In this blog, we chat to South Devon based, Buddies breeder, Tina Quest. Tina and her husband originally bred German Shepherds, but have now been breeding Tibetan Spaniels for 21 years. We asked Tina a few questions to find out more about this fabulous breed.

Why this breed?

‘Where to start? There are so many reasons to own a ‘Tibbie’.

They are a very affectionate, people friendly breed, totally devoted to their families and people they call friends. They look appealing, not too big (so you can have more!) but they are very ‘big dog like’. By that, I mean no one has ever told them that they are a small dog, and they have a BIG personality.

Tibbies are very intelligent. They don’t believe in ‘slavish devotion’, in fact, we humans are put on this earth to serve. I like the fact that they are independent by nature, they are not silly or scatty, but sensible, thoughtful dogs. They are never happier than with their owners. They don’t care if you want to go on a 12-mile hike, or spend the day on the sofa, so long as they are with you. Tibbies are friendly and tolerant towards children and other animals, although they can, and do bark at bigger dogs – they have absolutely no fear.’

What is the best thing about the breed?

‘Their gorgeous temperament and their intelligent minds. I love the fact that they think for themselves and make their own amusement. A friend, who has one of my puppies, made me smile when she sent me a message saying that ‘she had planted a planter full of spring flowers, only to discover later the same day that her puppy had dug out all the plants and replaced them with one of her slippers and a pigs ear!’. That just sums up typical Tibbie mischievous behaviour! They are very aware of their owner’s mood and seem to know if you are feeling unwell or just a bit ‘down’ and are then extra affectionate. You can’t help but smile with a Tibbie around.’

What is the worst thing about the breed?

‘Tibbies were originally bred as watchdogs, and they are inclined to bark if there is something they think you should know. They make great housedogs, but the barking can be irritating when you are trying to have a quiet moment. Oh, and the constant moulting that seems to go on all year round. We call Tibbie hair ‘The Third Condiment’ – salt, pepper and a dog hair, as there always seems to be some in whatever we are eating! Tibbie owners joke saying food just doesn’t taste the same without a dog hair in it. But these are small prices to pay for the honour of owning these very special dogs.’

What is the best thing about being a breeder?

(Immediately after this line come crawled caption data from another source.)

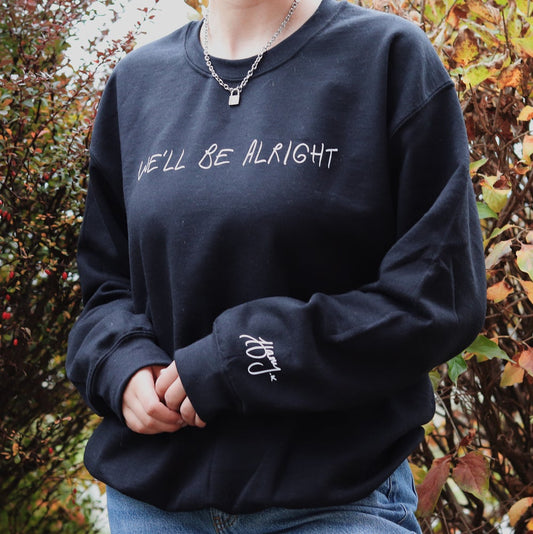 We’ll Be Alright Crewneck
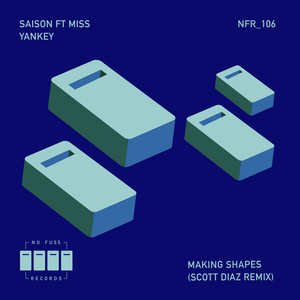 Making Shapes (Scott Diaz Instrumental Remix)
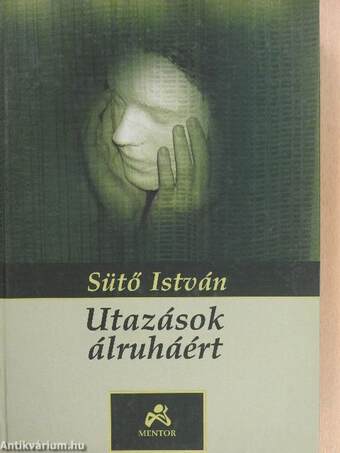 Utazások álruháért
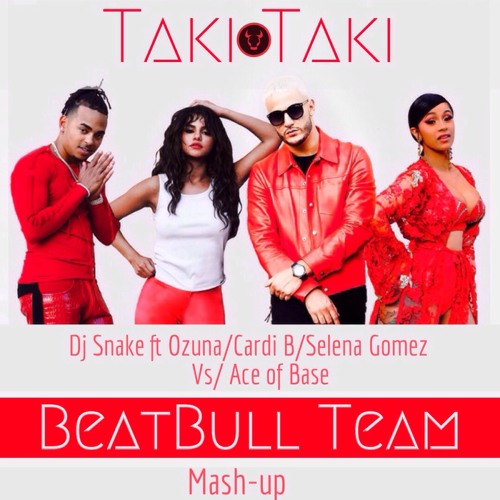 Stream Dj Snake - Taki Taki (feat. Selena Gomez, Ozuna & Cardi B VS Ace Of  Base) Beat Bull Team Mashup by Dj Fato | Listen online for free on  SoundCloud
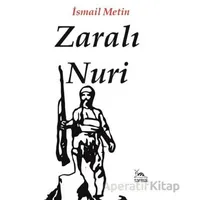 Zaralı Nuri - İsmail Metin - Sarmal Kitabevi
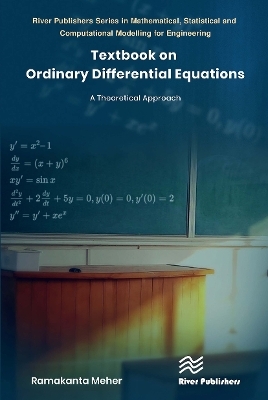 Textbook on Ordinary Differential Equations - Ramakanta Meher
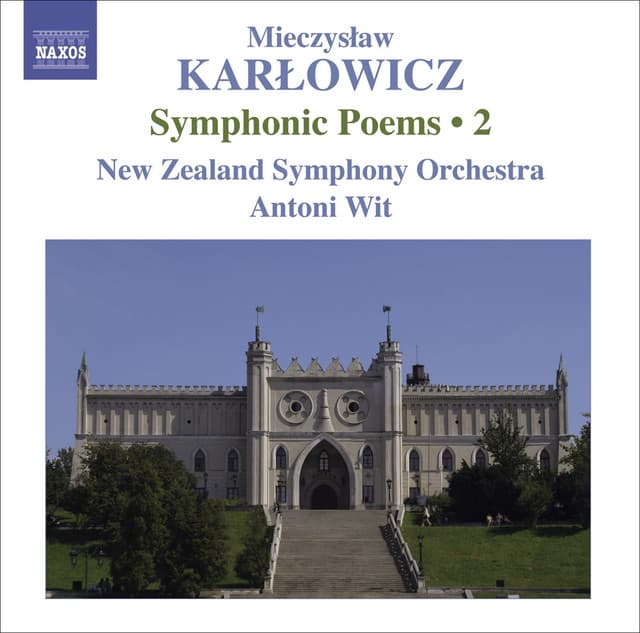 Karlowicz, M.: Symphonic Poems, Vol. 2 - Powracajace Fale / Smutna Opowiesc / Odwieczne Piesni cover art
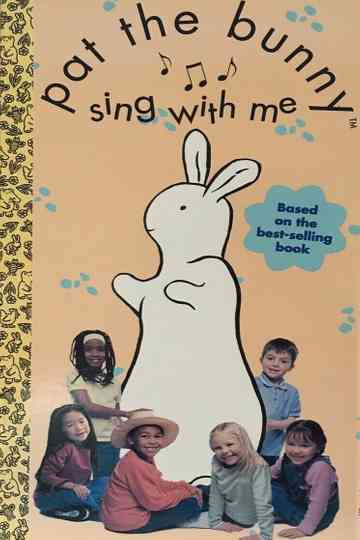 Pat the Bunny: Sing with Me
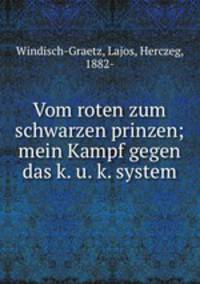 Vom roten zum schwarzen prinzen; mein Kampf gegen das k. u. k. system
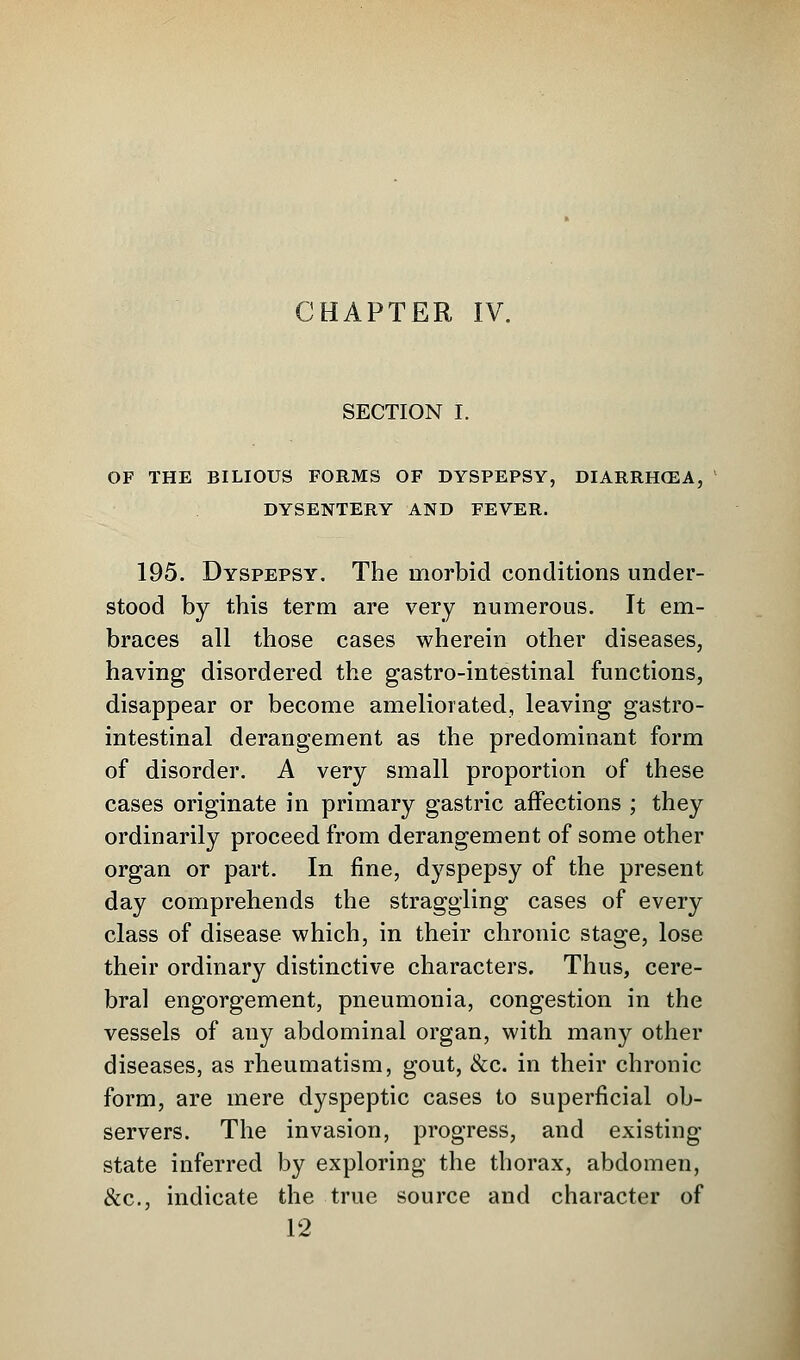 CHAPTER IV. SECTION I. OF THE BILIOUS FORMS OF DYSPEPSY, DIARRIKEA, DYSENTERY AND FEVER. 195. Dyspepsy. The morbid conditions under- stood by this term are very numerous. It em- braces all those cases wherein other diseases, having disordered the gastro-intestinal functions, disappear or become ameliorated, leaving gastro- intestinal derangement as the predominant form of disorder. A very small proportion of these cases originate in primary gastric affections ; they ordinarily proceed from derangement of some other organ or part. In fine, dyspepsy of the present day comprehends the straggling cases of every class of disease which, in their chronic stage, lose their ordinary distinctive characters. Thus, cere- bral engorgement, pneumonia, congestion in the vessels of any abdominal organ, with many other diseases, as rheumatism, gout, &c. in their chronic form, are mere dyspeptic cases to superficial ob- servers. The invasion, progress, and existing state inferred by exploring the thorax, abdomen, &c, indicate the true source and character of 12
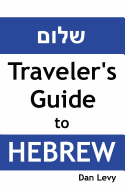 Traveler's Guide to Hebrew: A Quick Start Guide for Conversing in Hebrew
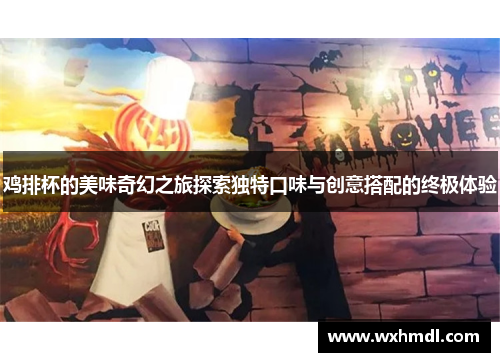 鸡排杯的美味奇幻之旅探索独特口味与创意搭配的终极体验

‘I absolutely love being a breeder. To see new life come into the world makes me feel humble. Mother nature is a great creator. Tibbie bitches make excellent mothers, very natural and confident even with their first birth.

The sound of tiny pups suckling is my favourite sound in the whole world. I adore puppies and there’s nowhere I’m happier than sat in a puppy pen, with a litter of pups. I also love the joy that I see on new owners faces when they collect their new baby. Although I’m always sad to see them go, I know that each one will bring so much happiness to their new families.’

What is the worst thing about being a breeder?

The lack of sleep in the first two weeks. My husband and I sleep in shifts so that one of us is with the Mum and pups 24/7 for the first two weeks, so it’s a bit like having a newborn human baby, we are always tired. But that soon passes, and we have found over the years that the bitches are much more relaxed knowing we are right there with them.’

How many litters do you have each year?

‘Tibbies tend to come in season every 9-12 months, so as breeders we don’t get as many opportunities for litters as other breeds. Some years we have only have one litter, others three. Average litter size for the breed is four pups, but often there is only one, so Tibbies are not easy to come by. According to Kennel Club registrations, there are only around 150 Tibetan Spaniel puppies born in the whole of the UK annually.’

If you could have any other breed, what would it be?

‘I’ve always admired Tibetan Mastiffs, but I am too old now to cope with a large dog’s needs. Imagine having to bath and dry a Tibetan Mastiff? When I was young I had two Afghan Hounds, another oriental breed. I absolutely love the breed, but again Afgan Hounds are not for the faint-hearted, coat care is a real labour of love.’

How long have you been with Buddies?

‘I’m new to Buddies, but I like the way the company listens to breeders, and I look forward to working with such a forward-thinking company.’

Tell us about your achievements.

‘My kennel name is Chenrezi, a Tibetan name for Buddha. Chenrezi Tibetan Spaniels are well known in the dog show world. We have bred four UK champions, and two European champions. We were the Tibetan Spaniel Association’s top breeders in 2015 & 2016.

In 2017, our breeder team of four bitches were Reserve in the final of the Eukanuba Breeders Competition at Crufts, from ALL breeds. An achievement never before or since repeated in our breed.

We exhibit our Tibbies all over the UK and in Europe and won the BENELUX title at the World Dog Show last year, in Amsterdam.

We currently have 15 Tibetan Spaniels living here with us, family pets first and foremost and much-loved members of our family. Our retired show or breeding dogs are never rehomed, as is the practice in some breeding establishments. We love our oldies just as much as our latest superstars. This January we were granted a five-star breeders licence, inspectors said we were ‘outstanding’ which made me very happy.’